With Ministry of Human Resources and Social Security's announcement at the end of last year, the abolition of No. 481 caused a large wave of discussion in the labor law practice circle. Among extensive explorations, the author found that some local courts did not even support workers' requests for a medical subsidy. The reason was that the economic compensation and medical subsidy stipulated in Economic Compensation Measures for Breach and Termination of Contracts Procedures Article 6 has been covered by the current economic compensation system of the Labor Contract Law and the medical insurance system under the Social Insurance Law. It is understandable that as early as 1995 when the medical subsidy system was born, the social insurance payment system in our country was only implemented for two years. The medical insurance system was still in its initial stage, and the medical subsidy system was timely and effective. However, with the full implementation of the Labor Contract Law in 2008 and the Social Insurance Law in 2011, the payment of social insurance to workers has long become the statutory obligation of the employer. Employers, after paying such a high social security fee, are still required to "pay the bill" again for the laborer's medical expenses. It's worthwhile to consider whether this requirement is still reasonable.

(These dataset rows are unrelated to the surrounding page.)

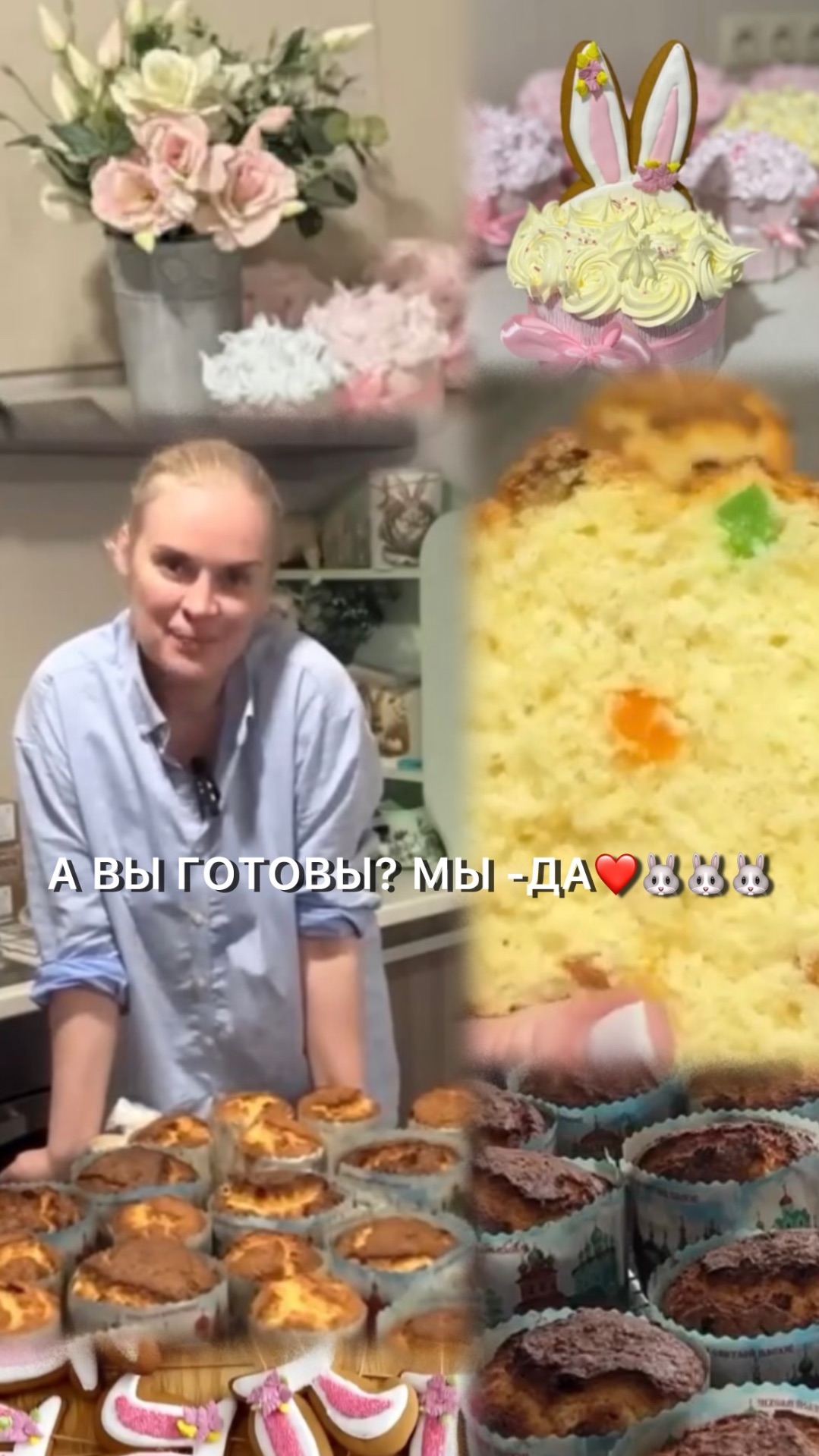 Вы готовы? Мы - да ловите рецепт в видио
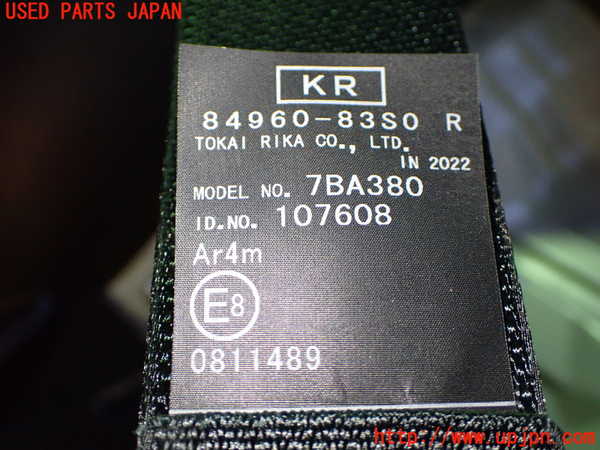 1UPJ-9240807155]ソリオ(MA37S)右2列目シートベルト 中古_3
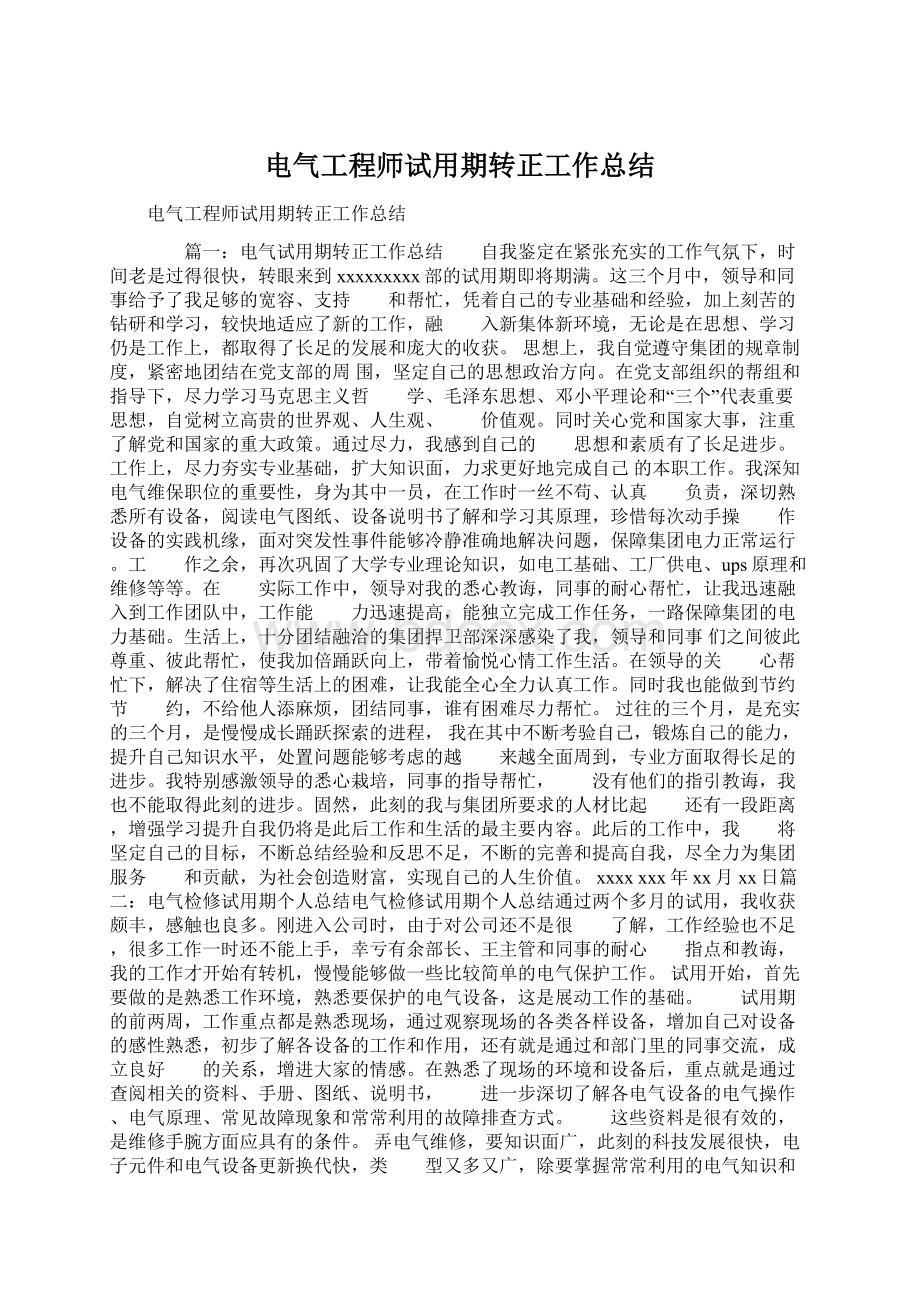 电气工程师试用期转正工作总结文档格式.docx_第1页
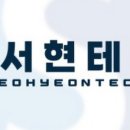 서현테크 이미지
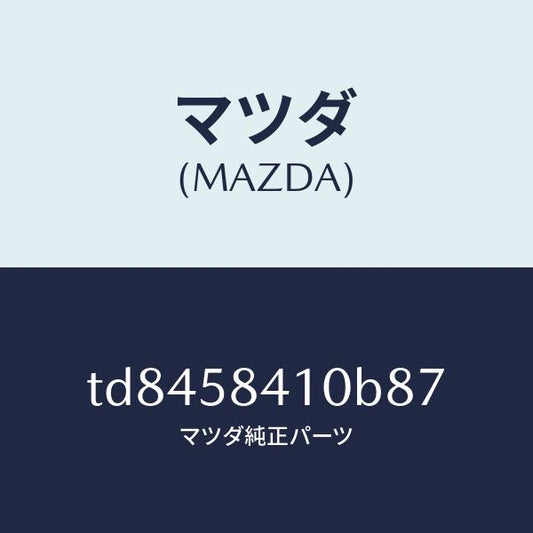 マツダ（MAZDA）ハンドル(R)アウター/マツダ純正部品/タイタン/TD8458410B87(TD84-58-410B8)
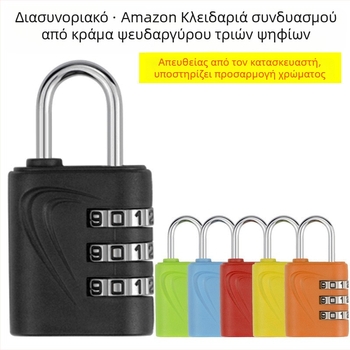 Συνδυαστικές κλειδαριές, κλειδαριές κατά της κλοπής για ταξίδια, μεταλλικά λουκέτα, ντουλάπια αποθήκευσης, σχολικά νεσεσέρ, σακίδια και αποσκευές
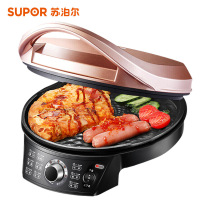 苏泊尔(SUPOR)电饼铛双面加热 JD31A847A-Q 煎饼铛煎烤机三明治机烙饼锅早餐机烤盘火力可调(升级款)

After the topic fever cooled down, it's not hard to discover that the abolition of article 481 is far less stunting than one might imagine in practice. As the Beijing Labor Arbitration in January 17, 2018 issued the Opinions on Several Issues upon the Repeal of Economic Compensation Measures for Breach and Termination of Contracts Procedures (Lao Bu Fa  No. 481) states that "practice shall be as before"-- this is also the suggestion that we offer to employers regarding the medical subsidy payment issue at this current stage.